• **Description of the task**: Copy the listing below exactly, but skip the pictures.

**** Data shown ****

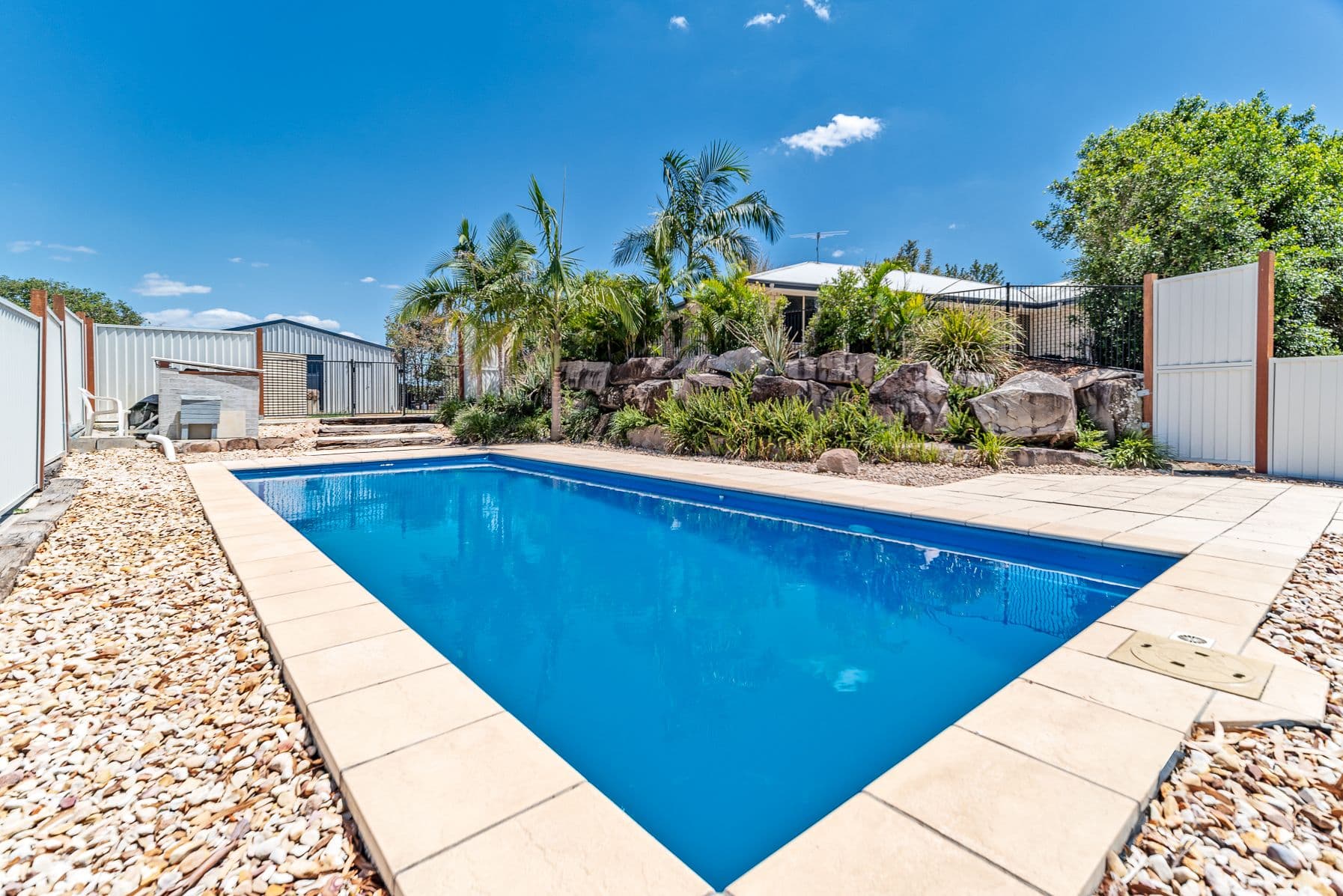 9 James Street, Beaudesert QLD 4285, Beaudesert - Thumbnail 2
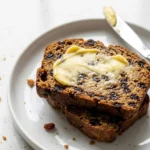 Mary Berry Bara Brith Recipe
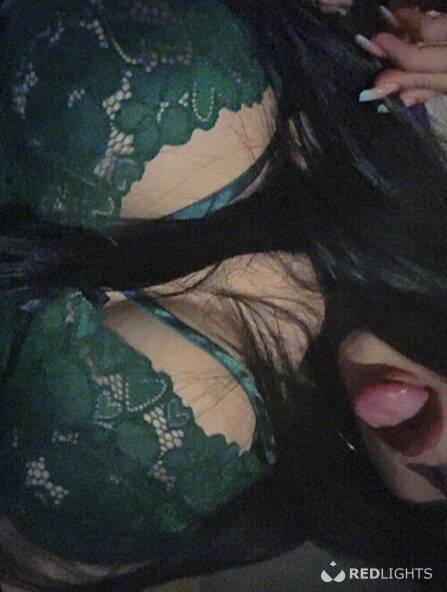 Anahi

****

• **Output for this task**:
 9 James Street, Beaudesert QLD 4285, Beaudesert - Thumbnail 2
 Mary Berry Bara Brith Recipe
 Anahi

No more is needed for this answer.